▶ Your objective: Search the data below for the line containing "Tie Dye Cat", then please set down that line and all remaining ones exactly as written.

▶ Input:
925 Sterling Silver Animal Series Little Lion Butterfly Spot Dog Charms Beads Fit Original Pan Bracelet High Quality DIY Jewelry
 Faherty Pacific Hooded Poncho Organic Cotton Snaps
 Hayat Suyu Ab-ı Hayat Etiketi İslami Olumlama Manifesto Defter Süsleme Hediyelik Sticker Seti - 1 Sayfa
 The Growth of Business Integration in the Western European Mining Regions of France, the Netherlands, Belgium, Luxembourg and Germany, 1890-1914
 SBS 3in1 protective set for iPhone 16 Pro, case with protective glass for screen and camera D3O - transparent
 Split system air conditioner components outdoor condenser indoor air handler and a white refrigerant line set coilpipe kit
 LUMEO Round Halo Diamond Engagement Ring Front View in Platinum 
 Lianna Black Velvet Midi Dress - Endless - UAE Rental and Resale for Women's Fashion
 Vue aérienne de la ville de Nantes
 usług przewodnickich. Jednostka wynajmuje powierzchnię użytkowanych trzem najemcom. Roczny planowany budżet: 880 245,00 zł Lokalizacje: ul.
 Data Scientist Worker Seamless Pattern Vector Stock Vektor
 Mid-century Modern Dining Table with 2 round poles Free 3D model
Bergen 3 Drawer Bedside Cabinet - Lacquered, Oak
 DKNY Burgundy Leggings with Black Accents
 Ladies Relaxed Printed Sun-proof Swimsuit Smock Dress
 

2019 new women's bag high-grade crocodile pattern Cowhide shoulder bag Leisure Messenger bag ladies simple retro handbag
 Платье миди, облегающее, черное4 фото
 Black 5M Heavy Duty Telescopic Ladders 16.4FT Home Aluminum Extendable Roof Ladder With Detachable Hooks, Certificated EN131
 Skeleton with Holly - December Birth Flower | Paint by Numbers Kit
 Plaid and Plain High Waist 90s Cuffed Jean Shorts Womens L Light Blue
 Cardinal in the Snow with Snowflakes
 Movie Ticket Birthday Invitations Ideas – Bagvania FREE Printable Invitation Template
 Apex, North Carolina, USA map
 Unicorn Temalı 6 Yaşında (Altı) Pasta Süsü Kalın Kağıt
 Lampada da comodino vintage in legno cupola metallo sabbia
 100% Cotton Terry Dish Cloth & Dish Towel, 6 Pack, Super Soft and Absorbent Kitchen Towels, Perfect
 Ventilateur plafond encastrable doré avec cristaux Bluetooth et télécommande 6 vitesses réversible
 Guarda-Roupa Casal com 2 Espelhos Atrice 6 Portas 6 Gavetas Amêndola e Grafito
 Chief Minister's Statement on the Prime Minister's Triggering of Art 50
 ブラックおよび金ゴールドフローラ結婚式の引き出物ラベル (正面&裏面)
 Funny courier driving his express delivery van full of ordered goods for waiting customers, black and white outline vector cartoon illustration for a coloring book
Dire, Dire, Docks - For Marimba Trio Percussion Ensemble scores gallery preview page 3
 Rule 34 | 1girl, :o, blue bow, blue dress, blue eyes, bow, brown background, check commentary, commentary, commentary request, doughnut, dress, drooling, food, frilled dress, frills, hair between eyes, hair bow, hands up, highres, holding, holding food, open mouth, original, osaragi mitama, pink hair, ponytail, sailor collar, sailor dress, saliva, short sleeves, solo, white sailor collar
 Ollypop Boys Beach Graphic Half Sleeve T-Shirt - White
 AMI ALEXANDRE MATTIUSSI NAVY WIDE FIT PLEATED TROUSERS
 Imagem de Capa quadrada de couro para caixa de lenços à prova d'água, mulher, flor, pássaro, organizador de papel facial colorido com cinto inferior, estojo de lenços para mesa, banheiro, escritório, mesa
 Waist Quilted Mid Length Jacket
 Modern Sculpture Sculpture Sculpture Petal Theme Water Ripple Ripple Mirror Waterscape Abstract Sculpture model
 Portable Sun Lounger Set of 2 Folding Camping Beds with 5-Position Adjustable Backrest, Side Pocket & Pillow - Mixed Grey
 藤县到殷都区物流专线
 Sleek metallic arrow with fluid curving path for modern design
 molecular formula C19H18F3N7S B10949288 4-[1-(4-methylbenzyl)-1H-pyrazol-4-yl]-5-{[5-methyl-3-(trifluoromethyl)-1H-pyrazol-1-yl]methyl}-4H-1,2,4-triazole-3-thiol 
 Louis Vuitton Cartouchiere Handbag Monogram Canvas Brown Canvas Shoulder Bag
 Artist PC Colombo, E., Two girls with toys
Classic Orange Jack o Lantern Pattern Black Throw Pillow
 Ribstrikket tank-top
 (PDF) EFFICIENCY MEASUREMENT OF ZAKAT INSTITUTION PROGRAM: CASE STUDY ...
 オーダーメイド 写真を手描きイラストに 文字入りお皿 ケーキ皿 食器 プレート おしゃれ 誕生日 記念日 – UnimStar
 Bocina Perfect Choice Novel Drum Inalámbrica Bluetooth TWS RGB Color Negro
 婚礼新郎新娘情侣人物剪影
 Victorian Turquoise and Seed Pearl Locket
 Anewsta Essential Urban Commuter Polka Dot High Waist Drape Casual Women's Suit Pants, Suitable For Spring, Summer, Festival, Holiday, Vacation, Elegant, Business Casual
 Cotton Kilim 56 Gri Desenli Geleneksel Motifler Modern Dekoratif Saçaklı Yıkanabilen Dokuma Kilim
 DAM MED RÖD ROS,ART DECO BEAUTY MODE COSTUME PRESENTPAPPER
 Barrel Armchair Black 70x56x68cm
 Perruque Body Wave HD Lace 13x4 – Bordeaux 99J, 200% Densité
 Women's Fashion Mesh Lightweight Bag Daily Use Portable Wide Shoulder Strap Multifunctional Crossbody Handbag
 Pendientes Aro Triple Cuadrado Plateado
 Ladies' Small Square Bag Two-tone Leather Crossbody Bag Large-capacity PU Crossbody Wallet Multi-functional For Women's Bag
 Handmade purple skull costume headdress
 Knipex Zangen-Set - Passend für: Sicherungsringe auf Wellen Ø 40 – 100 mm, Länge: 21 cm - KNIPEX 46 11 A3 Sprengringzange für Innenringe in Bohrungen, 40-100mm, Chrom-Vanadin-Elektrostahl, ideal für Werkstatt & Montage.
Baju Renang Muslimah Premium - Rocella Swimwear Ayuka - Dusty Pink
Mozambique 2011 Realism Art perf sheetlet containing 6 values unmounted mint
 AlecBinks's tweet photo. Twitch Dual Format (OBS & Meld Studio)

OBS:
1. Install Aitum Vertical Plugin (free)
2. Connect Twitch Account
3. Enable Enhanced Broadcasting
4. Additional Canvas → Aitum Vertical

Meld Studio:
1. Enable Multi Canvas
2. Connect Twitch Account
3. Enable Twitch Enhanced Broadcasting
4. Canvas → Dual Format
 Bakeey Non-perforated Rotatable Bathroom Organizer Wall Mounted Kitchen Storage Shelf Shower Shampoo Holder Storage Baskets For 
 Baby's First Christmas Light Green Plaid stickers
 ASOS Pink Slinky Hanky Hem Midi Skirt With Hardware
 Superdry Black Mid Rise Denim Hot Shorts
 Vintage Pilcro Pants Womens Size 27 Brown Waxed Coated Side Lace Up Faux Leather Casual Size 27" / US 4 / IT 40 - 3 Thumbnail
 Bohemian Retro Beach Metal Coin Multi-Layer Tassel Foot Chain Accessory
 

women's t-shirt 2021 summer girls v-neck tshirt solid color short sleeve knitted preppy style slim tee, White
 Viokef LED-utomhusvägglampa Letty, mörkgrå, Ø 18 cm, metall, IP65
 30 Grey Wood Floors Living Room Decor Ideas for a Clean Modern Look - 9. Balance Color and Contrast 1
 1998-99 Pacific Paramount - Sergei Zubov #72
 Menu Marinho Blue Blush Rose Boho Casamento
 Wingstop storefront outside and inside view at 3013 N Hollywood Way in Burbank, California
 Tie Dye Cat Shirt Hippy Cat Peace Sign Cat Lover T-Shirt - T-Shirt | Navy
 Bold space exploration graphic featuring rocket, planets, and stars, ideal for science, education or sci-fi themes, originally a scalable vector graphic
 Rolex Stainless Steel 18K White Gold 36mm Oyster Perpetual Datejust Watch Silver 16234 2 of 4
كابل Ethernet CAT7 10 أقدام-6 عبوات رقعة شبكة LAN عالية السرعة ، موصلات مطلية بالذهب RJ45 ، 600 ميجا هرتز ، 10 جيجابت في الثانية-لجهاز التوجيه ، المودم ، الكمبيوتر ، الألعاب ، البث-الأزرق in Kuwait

▶ Solution to the problem:
 Tie Dye Cat Shirt Hippy Cat Peace Sign Cat Lover T-Shirt - T-Shirt | Navy
 Bold space exploration graphic featuring rocket, planets, and stars, ideal for science, education or sci-fi themes, originally a scalable vector graphic
 Rolex Stainless Steel 18K White Gold 36mm Oyster Perpetual Datejust Watch Silver 16234 2 of 4
كابل Ethernet CAT7 10 أقدام-6 عبوات رقعة شبكة LAN عالية السرعة ، موصلات مطلية بالذهب RJ45 ، 600 ميجا هرتز ، 10 جيجابت في الثانية-لجهاز التوجيه ، المودم ، الكمبيوتر ، الألعاب ، البث-الأزرق in Kuwait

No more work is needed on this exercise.